Évidemment cet outil a ses limites, c’est pourquoi il m’a paru essentiel de créer un cadre de travail spécifique. Dans un contexte classique de thérapie en cabinet, l’attente du rendez-vous, le temps de déplacement pour s’y rendre, le passage par la salle d’attente, notamment, sont des moments qui permettent de préparer, assimiler ou intégrer plus facilement les séances. C’est pourquoi il faut, comme en cabinet, établir certaines règles, fixer un cadre. Dans le contexte de thérapie effectuée en ligne, je propose régulièrement des tâches à faire entre deux RDV, ou un travail de réflexion pour la séance suivante afin que le patient puisse avoir ce temps d’introspection nécessaire. Ce que l’on perd avec le contact physique (une démarche, une poignée de main, une attitude qui, parfois, nous en disent long sur la personne), on le rattrape d’une certaine façon par cette bulle d’intime que confère l’écran. Le cadre de la thérapie en ligne comporte notamment la ritualisation du décor en arrière-plan, la ritualisation de l’heure de la thérapie, autant que possible, une durée de séance limitée (1h maximum) et des prises de rendez-vous afin d’écarter l’illusion d’un ici et maintenant. Il ne s’agit en aucun cas pour les patients d’avoir quelqu’un en ligne, tout de suite, et ce 24h/24, 7j/7, sans rendez-vous. Les séances sont les mêmes qu’en cabinet, utilisant les mêmes points de vue théoriques. Enfin, les entretiens se déroulent dans le respect du code de déontologie des psychologues. N’oublions pas que nous travaillons essentiellement avec la parole. En cabinet, le patient sait que tout ce qui est dit est confidentiel, tout peut être exprimé sans filtre, dans un espace bienveillant. La thérapie en ligne ne déroge pas à ces critères. Face à l’ampleur de l’utilisation de cet outil, il est primordial d’en définir les limites d’ordre éthique. Il n’est absolument pas conseillé de prendre en charge des personnes souffrant de troubles sévères (hallucinations, délire) ou ayant besoin d’un traitement médical.

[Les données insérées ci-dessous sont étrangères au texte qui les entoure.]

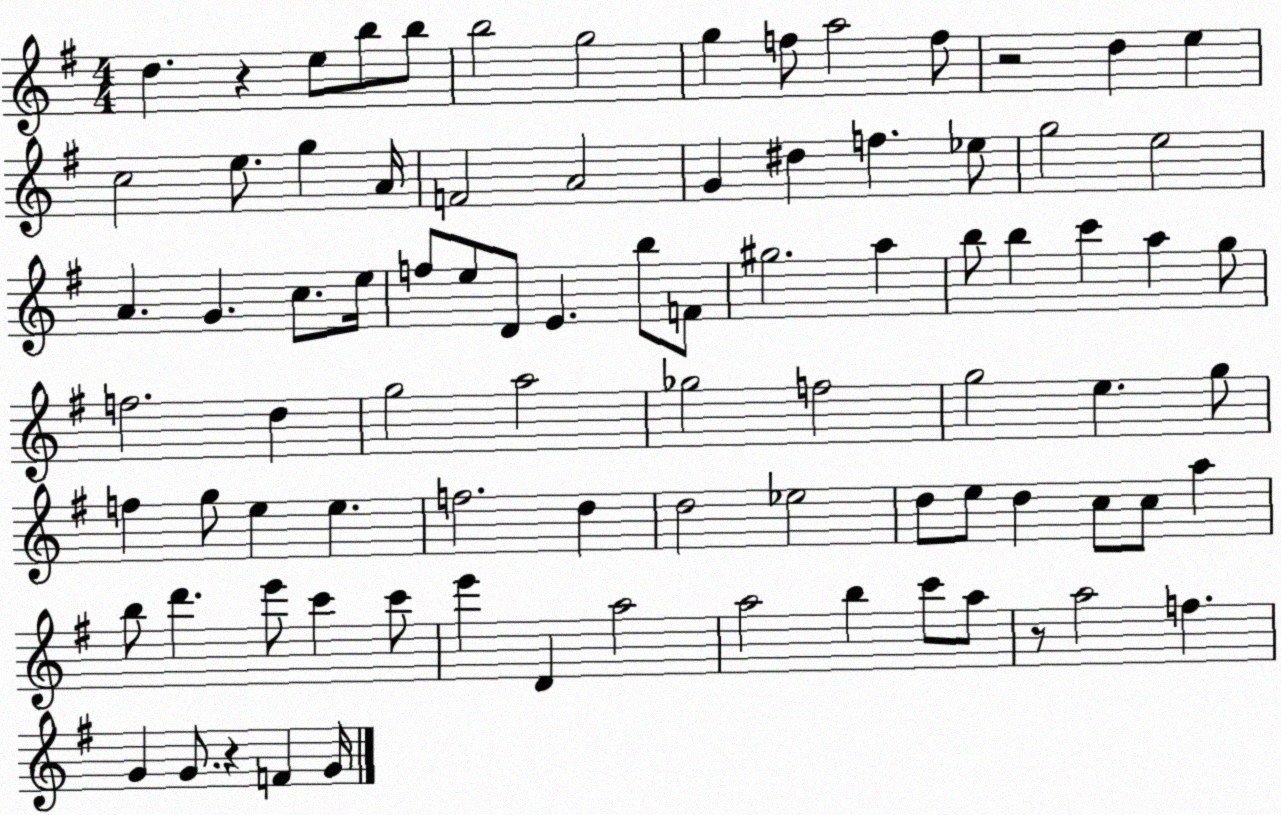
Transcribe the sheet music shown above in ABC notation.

X:1
T:Untitled
M:4/4
L:1/4
K:G
d z e/2 b/2 b/2 b2 g2 g f/2 a2 f/2 z2 d e c2 e/2 g A/4 F2 A2 G ^d f _e/2 g2 e2 A G c/2 e/4 f/2 e/2 D/2 E b/2 F/2 ^g2 a b/2 b c' a g/2 f2 d g2 a2 _g2 f2 g2 e g/2 f g/2 e e f2 d d2 _e2 d/2 e/2 d c/2 c/2 a b/2 d' e'/2 c' c'/2 e' D a2 a2 b c'/2 a/2 z/2 a2 f G G/2 z F G/4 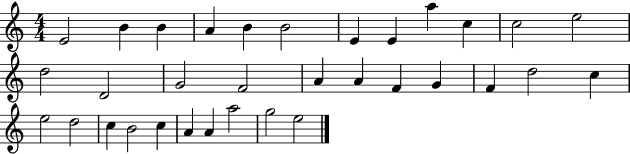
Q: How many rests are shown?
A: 0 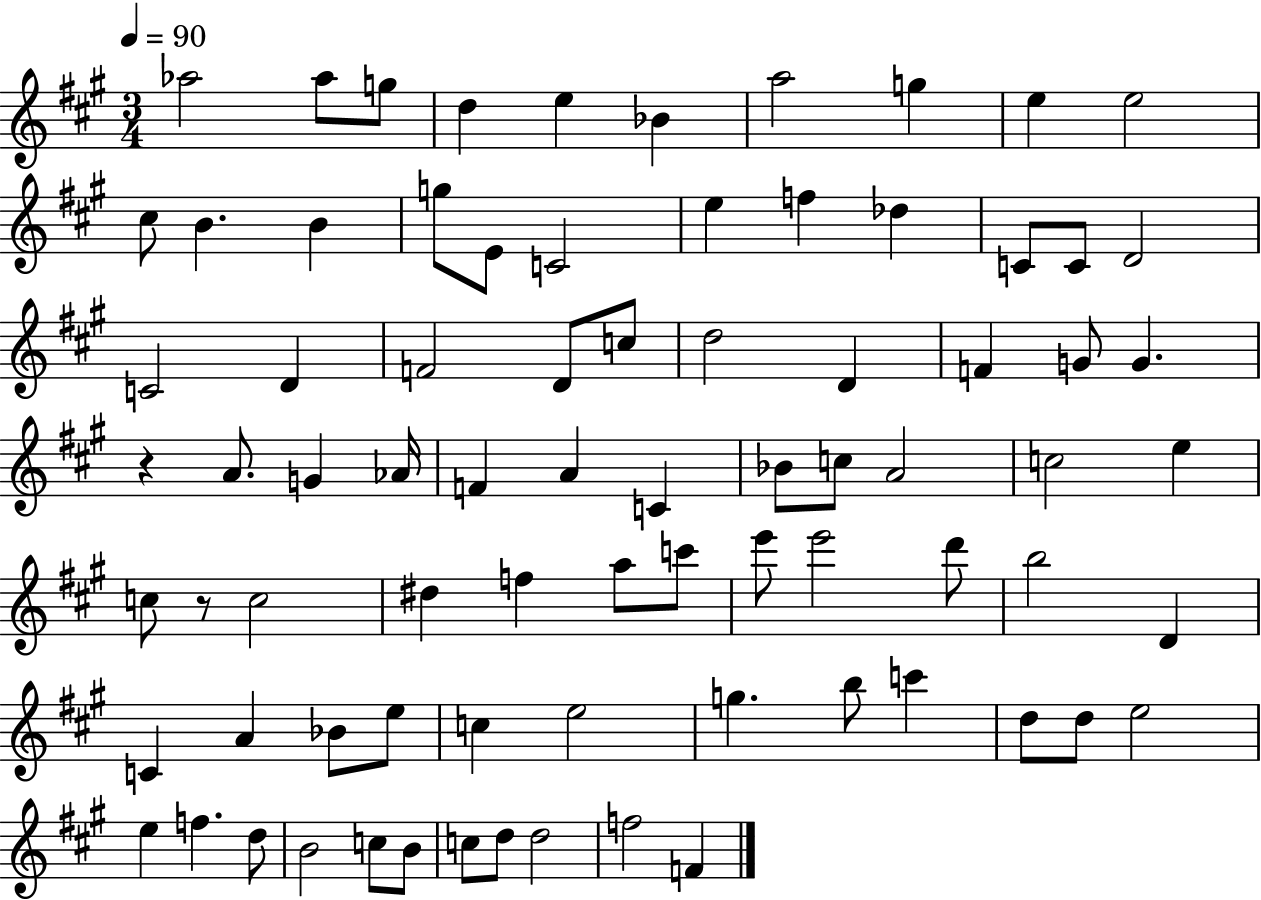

Il est intéressant de noter que les jeunes générations, biberonnées au numérique, s’adaptent plus facilement à ce mode de thérapie et acceptent généralement plus volontiers les entretiens en visioconférence. Pour conclure, si l’espace psychique de la consultation est virtuel, il n’est pas moins réel, la qualité de la parole et la potentialité de l’interprétation ne changent pas.

Marion Saintgery, psychologue clinicienne, thérapeute de couple et de famille, spécialisée dans les problématiques de l’expatriation et l’accompagnement des humanitaires sur le terrain.